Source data

------------------------------------------------

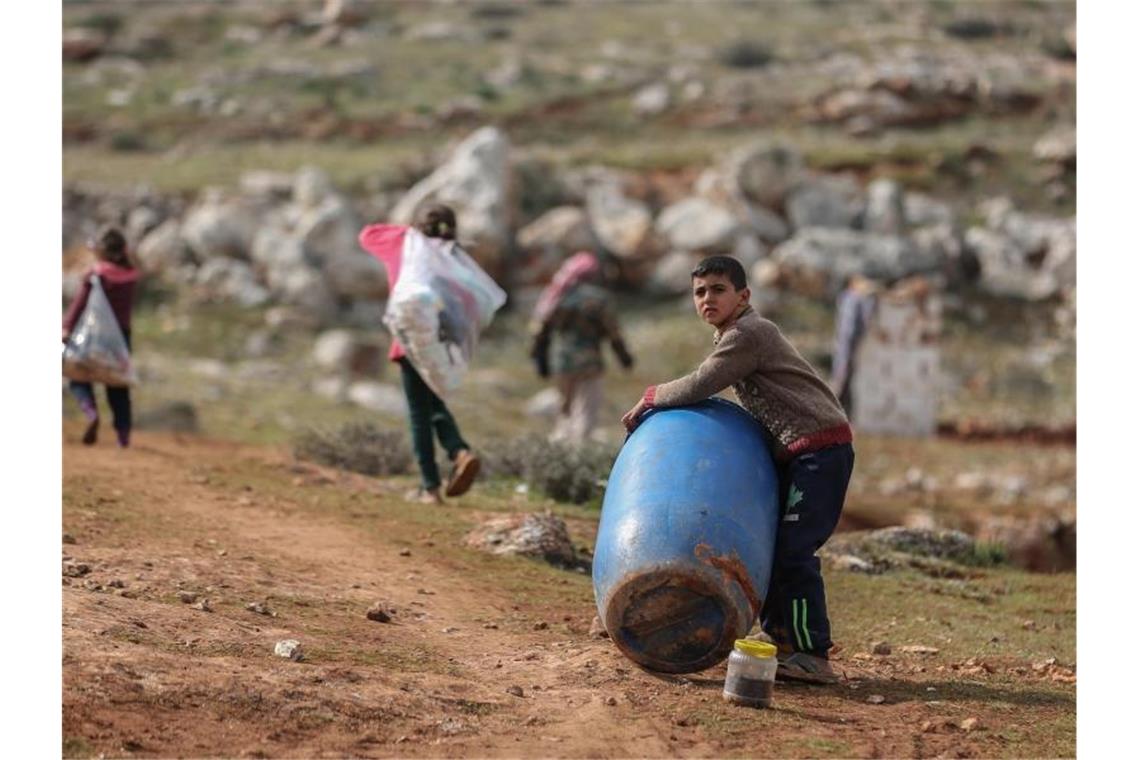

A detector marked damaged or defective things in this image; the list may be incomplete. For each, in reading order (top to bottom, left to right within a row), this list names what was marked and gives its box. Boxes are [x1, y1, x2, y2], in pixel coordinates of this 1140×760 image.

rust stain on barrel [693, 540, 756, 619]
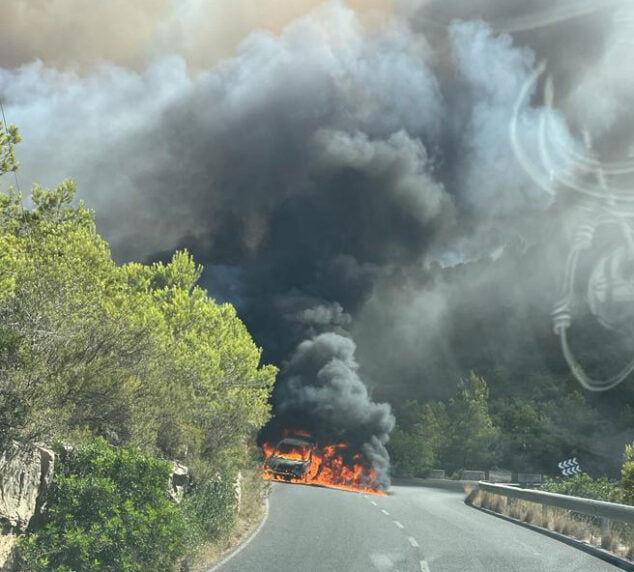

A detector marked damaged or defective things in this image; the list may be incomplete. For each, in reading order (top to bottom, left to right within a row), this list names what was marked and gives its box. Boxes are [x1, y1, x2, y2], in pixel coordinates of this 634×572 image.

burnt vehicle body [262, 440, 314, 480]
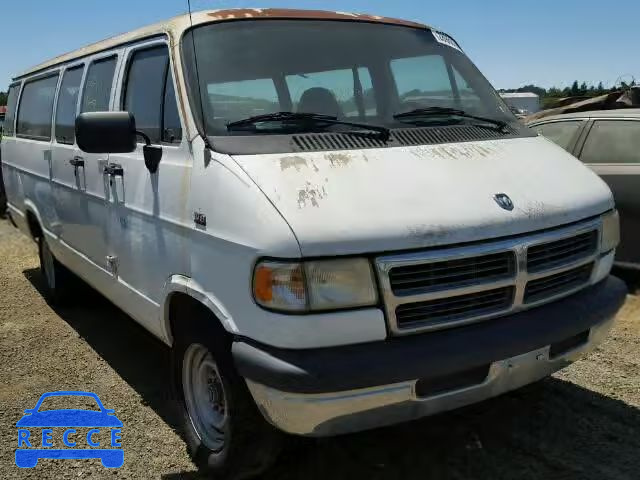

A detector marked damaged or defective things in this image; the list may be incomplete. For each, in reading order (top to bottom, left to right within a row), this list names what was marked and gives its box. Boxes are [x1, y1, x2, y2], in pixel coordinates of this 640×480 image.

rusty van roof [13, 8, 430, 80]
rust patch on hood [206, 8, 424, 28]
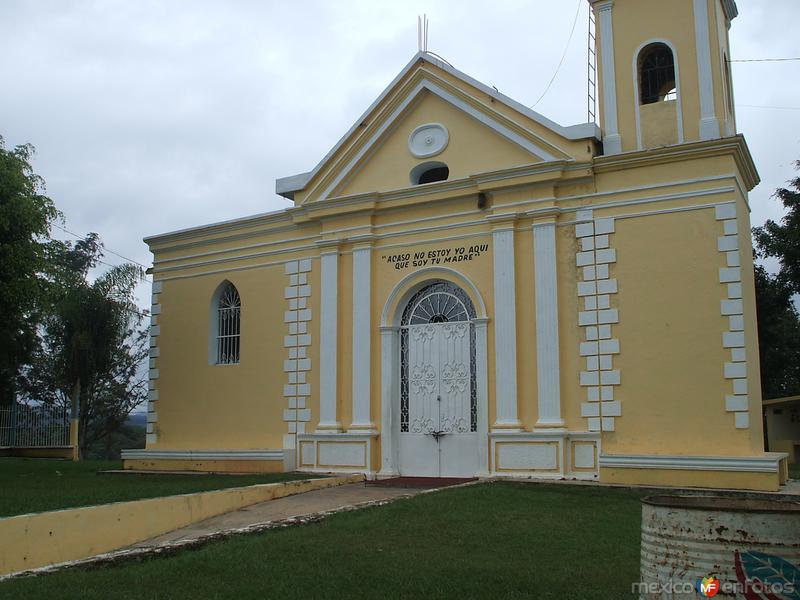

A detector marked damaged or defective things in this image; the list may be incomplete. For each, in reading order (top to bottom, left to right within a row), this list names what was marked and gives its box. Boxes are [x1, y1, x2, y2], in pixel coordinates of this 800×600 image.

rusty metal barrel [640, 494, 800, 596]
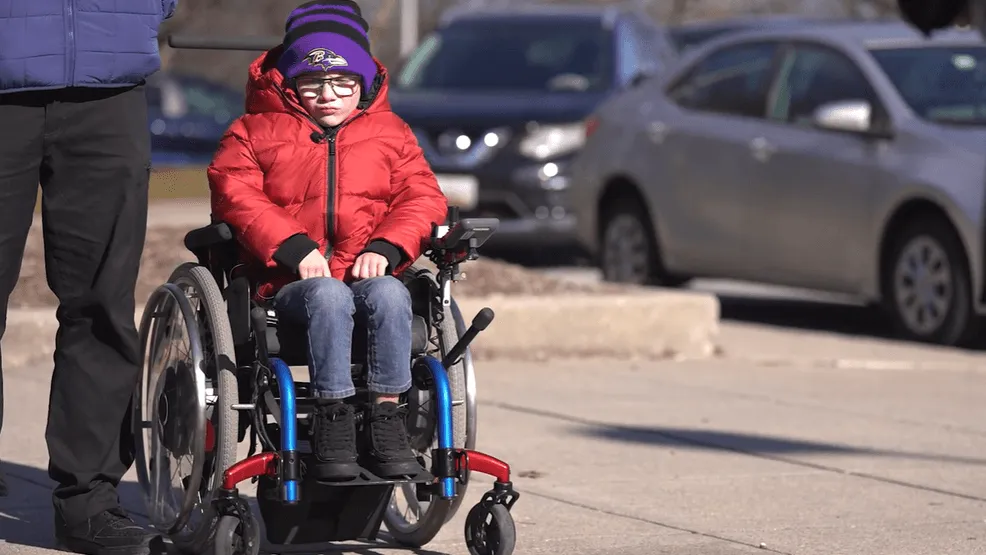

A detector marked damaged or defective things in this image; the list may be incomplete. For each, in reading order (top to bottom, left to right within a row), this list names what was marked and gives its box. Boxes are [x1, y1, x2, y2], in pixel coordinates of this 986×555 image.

------------------------------------------------

#### Work instruction:
Write out, word for word, the lines running from the one containing "this 800×600 image." to the end of the data above; the pictures are to be left out.

#### Result of the exercise:
A detector marked damaged or defective things in this image; the list may be incomplete. For each, in reading order (top to bottom, left to right within a row), this list names what was marked and gives its box. Boxes are [x1, y1, x2, y2], in pixel coordinates of this 800×600 image.

rusty metal barrel [640, 494, 800, 596]

A detector marked damaged or defective things in this image; the list may be incomplete. For each, in reading order (top to bottom, left to right within a row), this list names what was marked and gives its box. Boxes are [x1, y1, x2, y2], in pixel coordinates of this 986×555 image.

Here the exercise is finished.